1. Go with the flow. Don't try to change his mind as it will only make him dig his heals in more. At the time it was happening I saw separation as THE END. In reality it means H doesn't want to work on the relationship right now and needs space. I can relate to the immigration thing as my H is also from another country (so I also worry that he'll decide to go back to his country). Fact is, you and I have both been able to work around the immigration issues in the past to be with our spouses. So we can do it again if and when the time comes, right?

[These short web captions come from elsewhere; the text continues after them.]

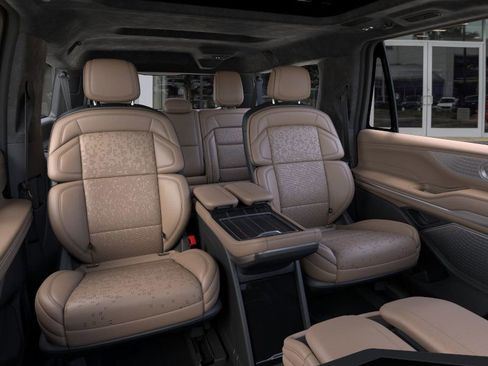 New 2026 Lincoln Navigator L Black Label AWD/4WD image 11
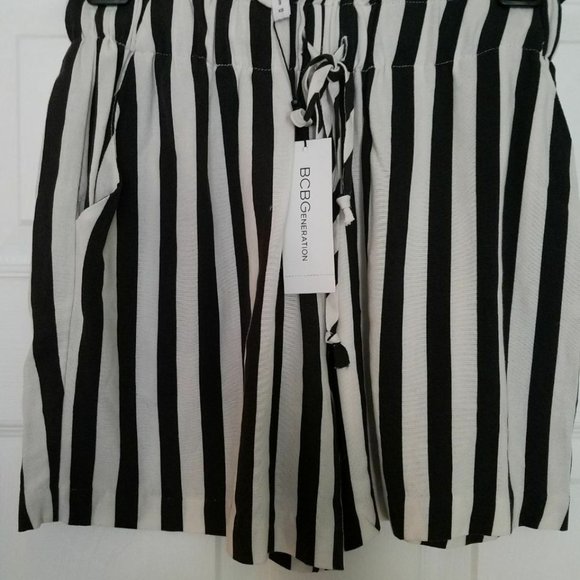 NWT BCBGeneration Shorts - Picture 3 of 4
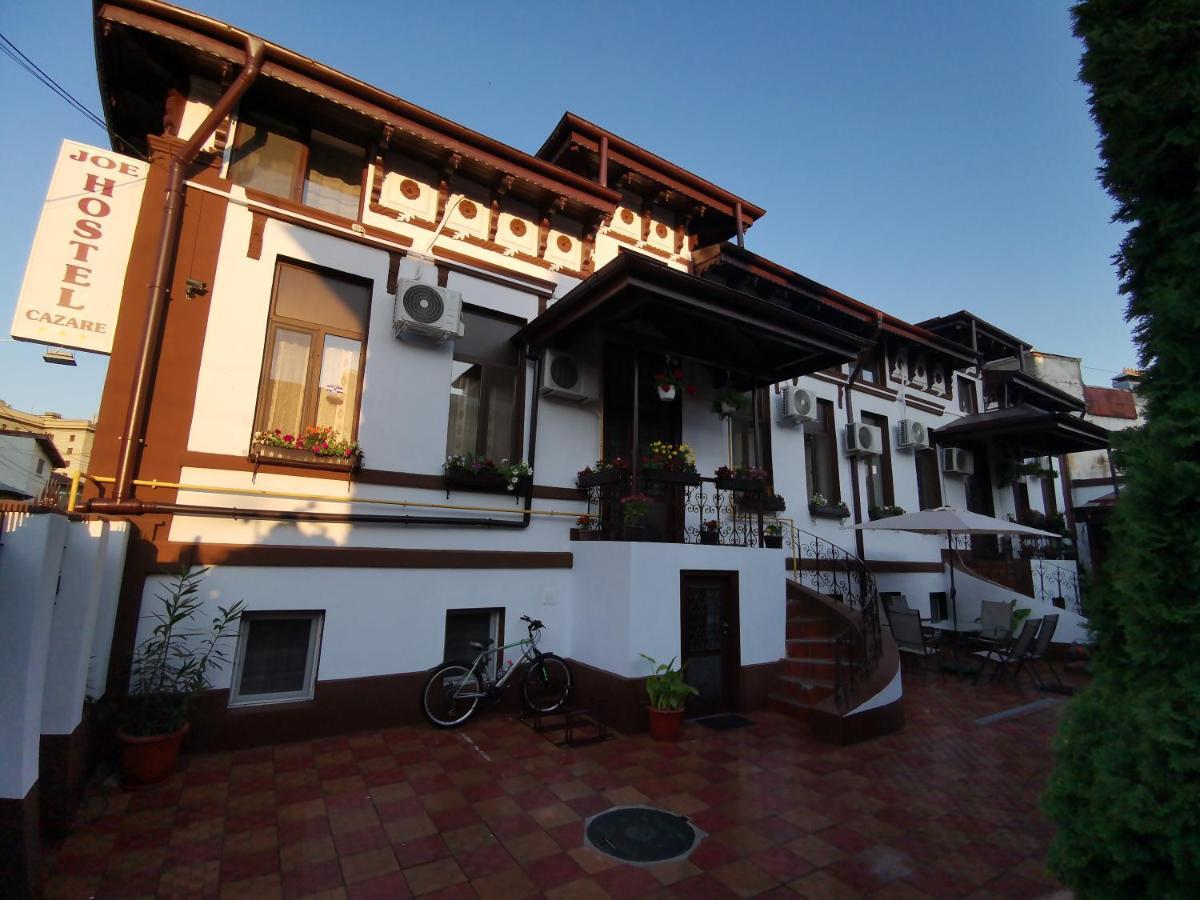 Joe Hostel Bucharest Exterior photo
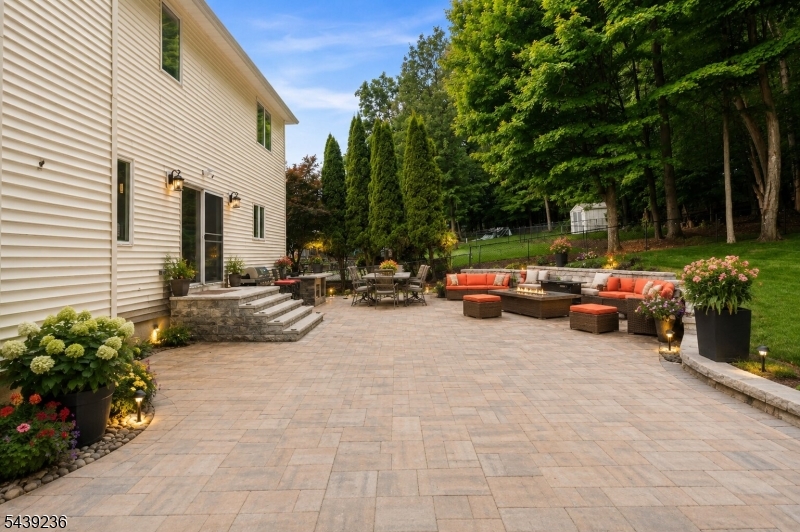 Glenmont Commons - Residential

2. Pick up a copy of Taking Space by Robert Buchicchio. This book helped me think about the range of practical things to think through and gave me much needed structure when I felt like I was floating in space after his initial announcement.

3. While he is still in the house:
a. Be ready - it is a really, really awful and difficult time (painful to think about looking back). I too struggled with the little moments, reflecting on the lost friend etc. It's what it is. One of the best quotes I've seen on here was "The only way out is through." So be ok sitting with those feelings. They will pass at some stage.
b. Yoga is great - gets you out of the house and doing something good for you. I'm sure our Hs get that this is a stressful time so doing yoga won't seem like a "I'm trying to avoid you" thing, even if it still has that effect.
c. If you can, try to come to some agreement about time frame for separation, or at least when you will next check in with each other. I'm still not sure whether my separation is a trial separation or pre-divorce separation (not sure that my H knows the difference) but mentally I have found it helpful to have a bit of a timeline even if we don't stick to it. 3 months is shorter than forever and much more manageable for the head going in! By the time you hit that time frame you'll be in a different place mentally anyway (I am - and looking back the 6 months my H proposed would probably have been fine).

4. After he moves out:
a. Be ready - the first couple of weeks are really tough. Focus on the essentials, esp food. I don't recall if you have kids. The shift to cooking for one was a big one for me and it took a while to return to eating normally. I treat myself to lunch most days to take the burden off cooking dinner - and I don't feel guilty about it! Also I'm now amused by how little I need to pick up at the grocery store each week....no more male appetite to contend with. (This all saddened me at first, but now I'm ok with it).
b. Get out and GAL. Sounds like you have this under control but the down time really bothered me at first. I've made an effort to try to have something planned for each night M-Thu (yoga x 2, volunteering etc) and at least one thing for the weekend. Having this plan has made me feel much more in control of my life again.
c. No contact unless he initiates it. Actually I think it has been easier for me to detach compared to a lot of people on here because H is not physically around.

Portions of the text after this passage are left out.